August 20, 2012
We need your help to convince New York City Council Speaker Christine Quinn to allow the City Council to vote on a bill to provide 1.5 million New Yorkers with sick leave. Thirty six members of the City Council, well over a majority, are supporting the Paid Sick Time Act (Int. 0097-2010). The proposed legislation would require companies to provide 5 or 9 days of paid sick leave, depending on the size of the firm, while businesses with less than 5 employees would only have to provide 5 days of unpaid leave. This time could also be used to care for a sick family member.
Speaker Quinn shelved the bill in 2010 and despite various concessions to business interests she continues to oppose the revised version. In the past, she has expressed sympathy to the idea, but she has refused to allow the bill to come to the floor for a vote.
Providing paid sick leave to New Yorkers is a no-brainer; employees who show up to work with contagious diseases or send their sick child to school pose a serious public health risk.
Many go to work for fear of losing their job, while others simply cannot afford to lose a day's pay. This issue disproportionately affects the City's low-wage workers: in a 2009 poll of New York City workers, 71% of low-income workers without paid sick time reported going to work sick because they could not afford to forgo pay or feared losing their jobs. We must fight to ensure the rights of some of our city's most underprivileged citizens: working families, low-wage workers, and immigrants. Promoting their well-being protects the health of all New Yorkers.
The New York City Central Labor Council and a broad array of community-based, public health and public interest organizations are actively working together to pass this legislation. We need your help - now.
Please write Speaker Quinn demanding that she allow the City Council to vote on the Paid Sick Time Act. Below is a model letter which you can send to City Hall or fax to (212) 564-7347. Click here for an editorial on the issue which recently appeared in the New York Times on August 4, 2012.
Additionally, NYCOSH will be arranging visits to council members to thank those who are supporting the legislation and urge those who have not yet agreed to do so.

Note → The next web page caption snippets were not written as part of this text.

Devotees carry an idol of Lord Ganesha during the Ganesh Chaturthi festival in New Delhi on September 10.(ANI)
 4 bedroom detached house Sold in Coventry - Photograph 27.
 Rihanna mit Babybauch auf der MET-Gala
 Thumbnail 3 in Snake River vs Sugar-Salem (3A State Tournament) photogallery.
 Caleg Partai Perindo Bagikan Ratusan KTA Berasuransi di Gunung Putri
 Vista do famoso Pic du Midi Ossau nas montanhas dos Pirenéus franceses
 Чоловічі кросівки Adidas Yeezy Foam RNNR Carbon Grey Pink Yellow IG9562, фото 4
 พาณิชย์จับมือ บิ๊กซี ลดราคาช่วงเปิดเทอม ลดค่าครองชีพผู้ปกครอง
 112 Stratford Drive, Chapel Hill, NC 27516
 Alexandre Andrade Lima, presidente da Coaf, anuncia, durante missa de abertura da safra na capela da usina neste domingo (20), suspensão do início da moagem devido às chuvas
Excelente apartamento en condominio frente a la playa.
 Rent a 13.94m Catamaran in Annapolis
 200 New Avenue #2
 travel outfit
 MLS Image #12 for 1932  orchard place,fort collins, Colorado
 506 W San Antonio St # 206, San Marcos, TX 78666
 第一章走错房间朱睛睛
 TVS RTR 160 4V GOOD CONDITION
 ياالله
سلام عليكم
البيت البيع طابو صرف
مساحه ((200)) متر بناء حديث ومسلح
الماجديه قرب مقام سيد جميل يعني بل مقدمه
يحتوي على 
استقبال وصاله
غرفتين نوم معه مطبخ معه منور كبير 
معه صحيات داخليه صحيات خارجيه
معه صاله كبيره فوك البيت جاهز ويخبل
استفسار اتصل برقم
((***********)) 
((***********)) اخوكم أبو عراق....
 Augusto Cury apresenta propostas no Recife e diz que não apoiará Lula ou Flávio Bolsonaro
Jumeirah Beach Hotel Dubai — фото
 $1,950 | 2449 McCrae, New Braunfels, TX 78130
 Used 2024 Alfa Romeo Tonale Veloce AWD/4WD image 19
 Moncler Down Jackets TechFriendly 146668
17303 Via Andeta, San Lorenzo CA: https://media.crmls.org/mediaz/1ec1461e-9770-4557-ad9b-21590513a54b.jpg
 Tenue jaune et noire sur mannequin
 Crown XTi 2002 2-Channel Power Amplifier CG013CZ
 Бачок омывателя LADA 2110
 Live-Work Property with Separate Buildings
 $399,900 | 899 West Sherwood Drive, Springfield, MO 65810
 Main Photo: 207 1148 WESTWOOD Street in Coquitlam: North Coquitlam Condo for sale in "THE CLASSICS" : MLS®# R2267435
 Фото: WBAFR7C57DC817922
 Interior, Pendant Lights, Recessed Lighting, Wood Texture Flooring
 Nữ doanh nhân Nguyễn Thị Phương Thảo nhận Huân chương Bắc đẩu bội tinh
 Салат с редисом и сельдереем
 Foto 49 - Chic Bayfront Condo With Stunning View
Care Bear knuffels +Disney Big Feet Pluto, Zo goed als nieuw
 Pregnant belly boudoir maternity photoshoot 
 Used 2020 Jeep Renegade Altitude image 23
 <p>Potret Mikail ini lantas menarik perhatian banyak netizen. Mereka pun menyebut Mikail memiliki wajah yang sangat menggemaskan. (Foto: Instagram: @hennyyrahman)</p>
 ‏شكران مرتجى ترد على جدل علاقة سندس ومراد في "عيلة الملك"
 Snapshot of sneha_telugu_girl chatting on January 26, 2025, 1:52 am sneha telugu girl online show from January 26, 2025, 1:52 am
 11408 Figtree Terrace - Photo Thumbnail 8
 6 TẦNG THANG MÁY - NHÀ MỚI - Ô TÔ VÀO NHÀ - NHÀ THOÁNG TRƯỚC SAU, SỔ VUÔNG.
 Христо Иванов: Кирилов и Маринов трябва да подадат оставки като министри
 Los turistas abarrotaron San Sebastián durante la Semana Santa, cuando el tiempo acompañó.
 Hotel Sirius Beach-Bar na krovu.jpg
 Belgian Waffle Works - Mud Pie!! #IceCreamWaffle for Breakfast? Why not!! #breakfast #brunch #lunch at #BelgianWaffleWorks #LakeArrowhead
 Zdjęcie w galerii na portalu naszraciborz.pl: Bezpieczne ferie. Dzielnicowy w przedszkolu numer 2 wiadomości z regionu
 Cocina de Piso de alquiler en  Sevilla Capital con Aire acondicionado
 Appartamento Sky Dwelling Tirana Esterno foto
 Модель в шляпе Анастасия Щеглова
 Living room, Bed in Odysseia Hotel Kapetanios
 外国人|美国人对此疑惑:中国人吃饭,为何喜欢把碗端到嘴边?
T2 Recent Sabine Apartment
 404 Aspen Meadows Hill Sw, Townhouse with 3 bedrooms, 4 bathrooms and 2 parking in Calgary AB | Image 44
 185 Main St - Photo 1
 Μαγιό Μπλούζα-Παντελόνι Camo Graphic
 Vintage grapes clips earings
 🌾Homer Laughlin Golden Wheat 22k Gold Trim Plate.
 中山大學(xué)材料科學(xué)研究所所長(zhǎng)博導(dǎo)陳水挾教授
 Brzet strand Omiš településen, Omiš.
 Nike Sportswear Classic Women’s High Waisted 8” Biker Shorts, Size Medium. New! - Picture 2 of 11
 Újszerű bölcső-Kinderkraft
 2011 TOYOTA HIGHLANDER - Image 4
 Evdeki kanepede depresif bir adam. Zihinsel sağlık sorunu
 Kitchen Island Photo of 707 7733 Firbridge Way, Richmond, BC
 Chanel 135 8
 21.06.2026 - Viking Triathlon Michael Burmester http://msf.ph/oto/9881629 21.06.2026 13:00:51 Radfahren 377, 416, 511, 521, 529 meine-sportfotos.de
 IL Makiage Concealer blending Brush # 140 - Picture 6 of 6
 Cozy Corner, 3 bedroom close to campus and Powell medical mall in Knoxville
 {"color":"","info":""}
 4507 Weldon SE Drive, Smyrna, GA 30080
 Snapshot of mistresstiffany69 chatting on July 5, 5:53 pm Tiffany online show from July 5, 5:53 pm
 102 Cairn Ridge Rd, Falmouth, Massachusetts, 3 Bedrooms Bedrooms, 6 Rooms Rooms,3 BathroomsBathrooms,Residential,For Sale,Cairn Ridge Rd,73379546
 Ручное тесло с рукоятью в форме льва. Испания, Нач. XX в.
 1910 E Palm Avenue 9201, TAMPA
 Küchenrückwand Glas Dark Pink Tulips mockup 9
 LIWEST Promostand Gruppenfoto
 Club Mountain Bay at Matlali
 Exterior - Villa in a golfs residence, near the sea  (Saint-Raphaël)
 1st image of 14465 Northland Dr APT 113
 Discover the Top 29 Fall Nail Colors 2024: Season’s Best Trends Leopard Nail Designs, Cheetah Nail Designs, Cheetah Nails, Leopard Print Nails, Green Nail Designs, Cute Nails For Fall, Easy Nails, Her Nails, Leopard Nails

If you are interested in participating in these meetings please email firstname.lastname@example.org or call NYCOSH at 212-227- 6440.
Thanks for your support,
PS Fax a copy of your letter to us at (212) 227-5894.
The Honorable Christine Quinn, Speaker
New York City Council
New York, New York 10007
Dear Speaker Quinn,
I am writing in support of the Paid Sick Time Act (Int. 0097-2010).
New York City, which has been a leader in protecting the public's health, is lagging behind the rest of the world. 145 countries currently guarantee workers paid sick leave, and San Francisco, Connecticut and the District of Columbia have enacted policies similar to the Paid Sick Time Act. Yet in New York City, over one million workers can be fired if they take off work to care for themselves or a family member who is sick. The proposed legislation will ensure that more New Yorkers enjoy this basic right.
I am disappointed by your failure to introduce the bill to the floor of the City Council. A majority of Council members supported an earlier version of this bill debated in the Fall 2010 session, and Councilwoman Brewer's revised version has broad political backing from 36 members of the Council.
While critics cite concerns about the economic impact of the policy, a study of San Francisco's Paid Sick Leave Ordinance demonstrated that businesses were not negatively affected by the policy. In fact, the city has seen job growth since the law went into effect in 2007, while neighboring counties without similar legislation lost jobs. The policy will also provide economic benefits such as increased productivity, higher morale, and lower employee turnover.
Councilwoman Gail Brewer's revisions to the bill include many concessions to business interests. Businesses with fewer than 5 employees will not be required to provide paid sick leave and new firms with less than 20 employees would be given a one-year grace period before they have to observe the policy. These compromises ensure that the costs to small companies are manageable and that the legislation will not negatively affect New York's economy.
The proposal is good public health policy. Employees compelled to work when they are sick pose a serious public health risk, to their colleagues and customers, especially those who work in the food services industry. A new study also demonstrates that employees with paid sick leave suffer fewer workplace injuries than workers without that benefit. Parents who are forced to send their children to school when they have a contagious disease are exposing other children and teachers to unnecessary risk. New Yorkers should not be deprived of a day's wage when they most need it to cover their family's health care.
While no one should be forced to choose between their well-being and a day's pay, this issue affects the most underprivileged members of our City's workforce. Every day this bill lingers, New Yorkers are compelled to go to work sick and children are left without proper parental and medical care.